E’ un circolo vizioso: il governo taglia la spesa pubblica per rispettare il rapporto deficit/pil, cioè cerca di ridurre il deficit. Ma così facendo finisce per ridurre i soldi in tasca ai consumatori, e quindi la crescita del pil. Dunque serviranno altri interventi per ridurre il deficit. Lo ha esplicitato ieri il responsabile dell’Ufficio studi della Banca d’Italia, Salvatore Rossi, in un’audizione al Senato sulla manovra finanziaria: “A parità di tutte le altre condizioni nel biennio 2011-2012 la manovra potrebbe cumulativamente ridurre la crescita del pil di poco più di mezzo punto percentuale attraverso una compressione dei consumi e degli investimenti”. La logica conseguenza, conclude Rossi, è che “potrebbero essere necessari ulteriori interventi qualora si presentasse uno scenario più sfavorevole”.
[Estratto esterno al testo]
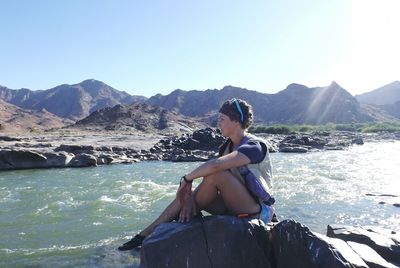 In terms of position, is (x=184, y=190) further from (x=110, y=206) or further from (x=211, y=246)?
(x=110, y=206)

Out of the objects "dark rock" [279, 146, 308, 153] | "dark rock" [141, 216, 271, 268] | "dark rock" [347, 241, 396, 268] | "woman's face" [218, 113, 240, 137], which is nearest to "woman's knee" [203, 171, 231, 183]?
"dark rock" [141, 216, 271, 268]

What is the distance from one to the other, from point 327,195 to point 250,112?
14.0 metres

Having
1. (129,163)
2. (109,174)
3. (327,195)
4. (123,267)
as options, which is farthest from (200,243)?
(129,163)

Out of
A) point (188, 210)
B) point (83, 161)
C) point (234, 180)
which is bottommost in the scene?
point (83, 161)

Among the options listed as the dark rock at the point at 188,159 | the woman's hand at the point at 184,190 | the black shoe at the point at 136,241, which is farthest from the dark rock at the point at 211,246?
the dark rock at the point at 188,159

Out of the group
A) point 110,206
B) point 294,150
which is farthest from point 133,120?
point 110,206

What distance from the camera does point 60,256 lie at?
969 cm

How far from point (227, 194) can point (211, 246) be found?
29.9 inches

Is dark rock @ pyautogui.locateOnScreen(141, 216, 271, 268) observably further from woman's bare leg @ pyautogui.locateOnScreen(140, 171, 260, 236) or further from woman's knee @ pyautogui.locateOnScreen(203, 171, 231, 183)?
woman's knee @ pyautogui.locateOnScreen(203, 171, 231, 183)

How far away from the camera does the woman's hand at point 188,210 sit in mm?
6310

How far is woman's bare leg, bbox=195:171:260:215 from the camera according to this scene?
6137 millimetres

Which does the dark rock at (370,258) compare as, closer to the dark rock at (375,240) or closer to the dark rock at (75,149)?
the dark rock at (375,240)

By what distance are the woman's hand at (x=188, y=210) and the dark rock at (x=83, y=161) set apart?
2842 cm

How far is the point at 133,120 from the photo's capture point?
113 meters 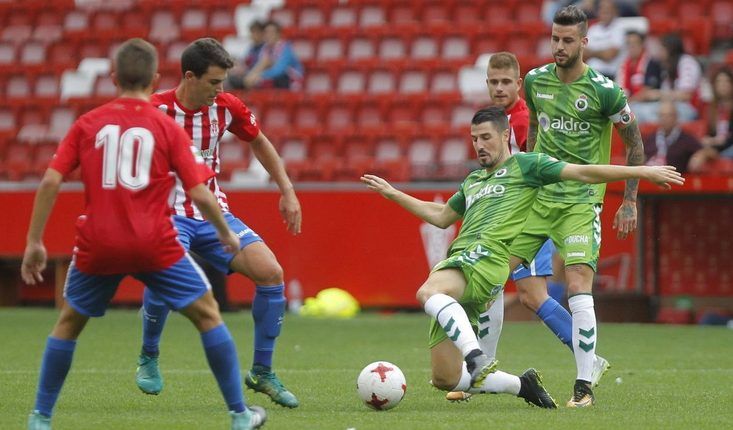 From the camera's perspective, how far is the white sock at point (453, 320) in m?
7.01

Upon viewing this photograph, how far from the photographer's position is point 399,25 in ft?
60.5

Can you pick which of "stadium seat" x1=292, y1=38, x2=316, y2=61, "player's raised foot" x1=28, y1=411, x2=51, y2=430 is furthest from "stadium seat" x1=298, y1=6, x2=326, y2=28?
"player's raised foot" x1=28, y1=411, x2=51, y2=430

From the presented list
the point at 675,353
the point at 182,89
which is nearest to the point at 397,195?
the point at 182,89

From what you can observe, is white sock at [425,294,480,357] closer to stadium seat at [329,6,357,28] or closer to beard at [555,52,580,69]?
beard at [555,52,580,69]

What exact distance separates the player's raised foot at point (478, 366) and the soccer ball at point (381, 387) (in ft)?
1.71

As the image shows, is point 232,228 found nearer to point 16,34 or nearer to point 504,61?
point 504,61

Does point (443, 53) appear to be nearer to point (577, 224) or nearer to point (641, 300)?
point (641, 300)

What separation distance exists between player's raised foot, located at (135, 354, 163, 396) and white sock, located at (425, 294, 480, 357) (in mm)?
1770

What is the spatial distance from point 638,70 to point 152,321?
9037 millimetres

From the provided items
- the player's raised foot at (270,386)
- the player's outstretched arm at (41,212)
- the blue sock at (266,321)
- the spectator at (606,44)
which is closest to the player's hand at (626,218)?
the blue sock at (266,321)

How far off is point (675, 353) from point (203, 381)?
170 inches

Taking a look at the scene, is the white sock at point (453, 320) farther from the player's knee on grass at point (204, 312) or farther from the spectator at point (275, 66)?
the spectator at point (275, 66)

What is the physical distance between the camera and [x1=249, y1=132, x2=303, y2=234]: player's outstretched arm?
7.69 meters

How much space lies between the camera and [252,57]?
17891 mm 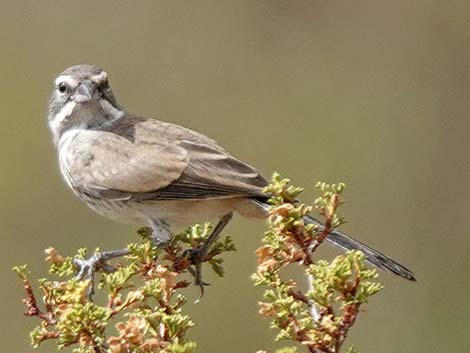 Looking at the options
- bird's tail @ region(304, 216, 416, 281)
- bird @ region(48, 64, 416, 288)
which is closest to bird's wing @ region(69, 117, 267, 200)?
bird @ region(48, 64, 416, 288)

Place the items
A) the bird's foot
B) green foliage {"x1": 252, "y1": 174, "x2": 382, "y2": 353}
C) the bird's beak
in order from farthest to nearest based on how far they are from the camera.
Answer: the bird's beak < the bird's foot < green foliage {"x1": 252, "y1": 174, "x2": 382, "y2": 353}

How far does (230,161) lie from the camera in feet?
22.1

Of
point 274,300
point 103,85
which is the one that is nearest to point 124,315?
point 274,300

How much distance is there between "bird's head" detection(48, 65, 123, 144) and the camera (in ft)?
24.5

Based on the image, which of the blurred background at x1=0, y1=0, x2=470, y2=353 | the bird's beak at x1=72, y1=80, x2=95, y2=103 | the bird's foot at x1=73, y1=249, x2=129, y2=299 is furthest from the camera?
the blurred background at x1=0, y1=0, x2=470, y2=353

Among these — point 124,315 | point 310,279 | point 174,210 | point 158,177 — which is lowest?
point 124,315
LA CRESCITA. Proviamo a fare due conti partendo dalle stime di crescita del governo. Secondo la Ruef, la relazione sulla finanza pubblica che è l’ultimo documento ufficiale sullo stato dell’economia, l’Italia dovrebbe crescere del 1,5 per cento nel 2011 e del 2 per cento nel 2012. Questo significa una crescita complessiva del 3,53 per cento nel biennio. Ma visto che la manovra rallenta l’economia, la crescita sarà più bassa di mezzo punto. E quindi, se ha ragione Bankitalia, ci sarà uno 0,3 per cento di deficit in più a fine 2012 (che stando alle stime molto ottimistiche del governo implicherebbe un deficit complessivo del tre per cento invece che del 2,7 per cento del pil). Conseguenza: se il governo vuole rispettare gli obiettivi di finanza pubblica concordati con Bruxelles, dovrà tagliare ancora la spesa. E forse di parecchio visto che dal lato delle entrate ci sono molte incertezze. Avverte sempre Rossi: “Le stime riguardanti gli effetti dell’azione di contrasto dell’evasione presentano molti elementi di incertezza”, cioè non è affatto detto che il gettito che deriverà dall’aumento dei poteri dei comuni nella riscossione e dell’Agenzia delle entrate sia quello previsto. Anche la Corte dei conti è d’accordo con Bankitalia: “L’impulso fornito dalla manovra alla crescita sarà, come primo impatto, di segno restrittivo”, ma non si sbilancia a calcolare di quanto. Il presidente Tullio Lazzaro, nell’audizione in Senato sulla manovra, ricorda poi che i tentativi di ridurre la spesa “negli anni passati non hanno dato i risultati attesi” e si sono rivelati spesso soltanto “slittamenti nel tempo dei pagamenti che hanno creato difficolta’ alle ditte fornitrici”.

LE PENSIONI. Anche per questo – oltre che per rispettare il divieto europeo di discriminare tra i sessi – che il consiglio di ministri ha approvato ieri l’aumento dell’età pensionabile delle donne impiegate nel settore pubblico da 60 a 65 anni. Secondo le prime stime, che ha diffuso ieri il ministro del Welfare Maurizio Sacconi, l’effetto dell’aumento dell’età della pensione di vecchiaia per le statali sarà “di 1,45 miliardi di euro in dieci anni, da oggi al 2019”. Anche qui, però, si rischia l’effetto collaterale: se si alza l’età per le pensioni di vecchiaia, chi ha abbastanza contributi per accedere alla pensione di anzianità (contributiva) può decidere di lasciare il lavoro prima del previsto. E quindi l’effetto netto sugli istituti di previdenza potrebbe essere negativo. I soldi risparmiati sulle pensioni – se risparmi ci saranno – andranno in un fondo per sostenere la famiglia, dice il governo, e non a ridurre il debito.

Il ministro Renato Brunetta è poi riuscito a far approvare al consiglio dei ministri il tetto a 311mila euro per gli stipendi di alcuni manager pubblici. Ma da due anni il governo annuncia questa misura che poi ha sempre finito per prevedere talmente tante eccezioni da risultare svuotata. Anche in questa versione i dirigenti coinvolti sarebbero meno di 300, nessuno dei quali di primo piano.